Find $f(x)$ so that $$\sum\limits_{cyc}a^{2}- f(x)\left (\prod\limits_{sym}a- \prod\limits_{sym}(1- a) \right )\geqq 3\left ( \frac{x}{2} \right )^{2}$$
OP. Given three numbers $a, b, c$ so that $\{ a, b, c \}\subseteq [0, x], abc= (x- a)(x- b)(x- c)$. Prove that $$\sum\limits_{cyc}a^{2}\geqq 3\left ( \frac{x}{2} \right )^{2} \tag{H a i D a n g e l 2 9}$$ For $x= 1\therefore f(1)= 2$ $$\sum\limits_{cyc}a^{2}- 2\left (\prod\limits_{sym}a- \prod\limits_{sym}(1- a) \right )\geqq \frac{3}{4}$$ $$\because (a+ b+ c- 2bc- 1)^{2}+ (2b- 1)^{2}c(1- c)+ \left ( c- \frac{1}{2} \right )^{2}\geqq 0$$
We can assume that $\{a,b,c\}\subset(0,X).$
Thus, the condition gives: $$\frac{X-a}{a}\cdot\frac{X-b}{b}\cdot\frac{X-c}{c}=1.$$ Let $\frac{X-a}{a}=\frac{x}{y}$ and $\frac{X-b}{b}=\frac{y}{z}$, where $x$, $y$ and $z$ are positives.

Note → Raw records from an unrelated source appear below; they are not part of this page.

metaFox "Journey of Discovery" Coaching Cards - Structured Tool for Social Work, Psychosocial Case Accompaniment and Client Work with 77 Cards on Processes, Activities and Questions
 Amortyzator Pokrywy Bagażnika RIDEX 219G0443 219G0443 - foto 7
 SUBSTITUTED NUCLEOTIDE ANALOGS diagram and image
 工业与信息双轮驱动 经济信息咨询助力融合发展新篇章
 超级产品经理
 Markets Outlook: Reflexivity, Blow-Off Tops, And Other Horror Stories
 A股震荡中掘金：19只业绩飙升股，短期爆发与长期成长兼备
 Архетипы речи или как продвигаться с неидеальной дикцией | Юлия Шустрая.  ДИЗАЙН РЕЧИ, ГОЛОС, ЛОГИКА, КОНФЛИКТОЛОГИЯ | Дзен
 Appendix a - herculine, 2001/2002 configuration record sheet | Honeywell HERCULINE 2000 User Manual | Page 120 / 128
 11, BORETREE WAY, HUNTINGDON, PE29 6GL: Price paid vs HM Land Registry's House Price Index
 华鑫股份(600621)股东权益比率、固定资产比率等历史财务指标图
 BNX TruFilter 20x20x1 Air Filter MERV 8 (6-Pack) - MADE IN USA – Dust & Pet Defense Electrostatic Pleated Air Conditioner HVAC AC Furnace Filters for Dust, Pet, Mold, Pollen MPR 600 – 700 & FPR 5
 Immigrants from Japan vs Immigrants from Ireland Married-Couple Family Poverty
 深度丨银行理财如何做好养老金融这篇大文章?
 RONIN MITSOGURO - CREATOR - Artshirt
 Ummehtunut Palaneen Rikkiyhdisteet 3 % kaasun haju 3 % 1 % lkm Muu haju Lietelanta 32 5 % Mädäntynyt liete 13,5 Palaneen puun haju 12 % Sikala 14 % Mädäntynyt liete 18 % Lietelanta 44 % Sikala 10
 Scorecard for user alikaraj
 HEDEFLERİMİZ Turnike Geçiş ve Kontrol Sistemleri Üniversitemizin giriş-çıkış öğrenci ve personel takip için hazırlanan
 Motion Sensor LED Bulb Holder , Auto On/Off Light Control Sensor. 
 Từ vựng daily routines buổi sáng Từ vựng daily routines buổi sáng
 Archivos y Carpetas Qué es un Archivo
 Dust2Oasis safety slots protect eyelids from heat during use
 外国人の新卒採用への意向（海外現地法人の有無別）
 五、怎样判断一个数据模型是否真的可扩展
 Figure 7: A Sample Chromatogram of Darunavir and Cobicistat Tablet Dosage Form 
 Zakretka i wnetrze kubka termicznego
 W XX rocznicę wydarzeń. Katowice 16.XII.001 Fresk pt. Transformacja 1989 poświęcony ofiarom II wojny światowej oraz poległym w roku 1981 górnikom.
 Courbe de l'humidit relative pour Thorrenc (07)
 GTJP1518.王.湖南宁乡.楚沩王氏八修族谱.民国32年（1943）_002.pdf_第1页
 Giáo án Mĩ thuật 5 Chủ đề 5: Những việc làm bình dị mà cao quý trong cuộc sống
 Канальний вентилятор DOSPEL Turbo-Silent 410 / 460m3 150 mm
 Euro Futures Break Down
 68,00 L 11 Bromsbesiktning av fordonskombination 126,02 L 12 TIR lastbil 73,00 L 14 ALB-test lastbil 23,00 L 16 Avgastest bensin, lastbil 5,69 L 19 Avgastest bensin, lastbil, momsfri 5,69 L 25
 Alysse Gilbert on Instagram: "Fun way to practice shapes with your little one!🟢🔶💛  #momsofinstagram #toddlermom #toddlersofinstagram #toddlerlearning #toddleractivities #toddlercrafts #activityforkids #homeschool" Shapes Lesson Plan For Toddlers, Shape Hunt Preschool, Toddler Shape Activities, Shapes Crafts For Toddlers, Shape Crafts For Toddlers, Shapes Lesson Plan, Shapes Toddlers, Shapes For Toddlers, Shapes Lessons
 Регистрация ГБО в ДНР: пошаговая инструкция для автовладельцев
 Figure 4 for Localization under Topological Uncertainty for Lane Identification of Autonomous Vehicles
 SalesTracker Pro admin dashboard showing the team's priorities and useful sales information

Thus, $\frac{X-c}{c}=\frac{z}{x}$ and we need to prove that $$\sum_{cyc}\frac{y^2}{(x+y)^2}\geq\frac{3}{4}.$$ Indeed, by C-S $$\sum_{cyc}\frac{y^2}{(x+y)^2}=\sum_{cyc}\frac{y^2(y+z)^2}{(x+y)^2(y+z)^2}\geq\frac{\left(\sum\limits_{cyc}(y^2+yz)\right)^2}{\sum\limits_{cyc}(x+y)^2(y+z)^2}.$$ Id est, it's enough to prove that $$\frac{\left(\sum\limits_{cyc}(y^2+yz)\right)^2}{\sum\limits_{cyc}(x+y)^2(y+z)^2}\geq\frac{3}{4}$$ or $$\sum_{cyc}(x^4+2x^3y+2x^3z+3x^2y^2-8x^2yz)\geq0,$$ which is true by Muirhead.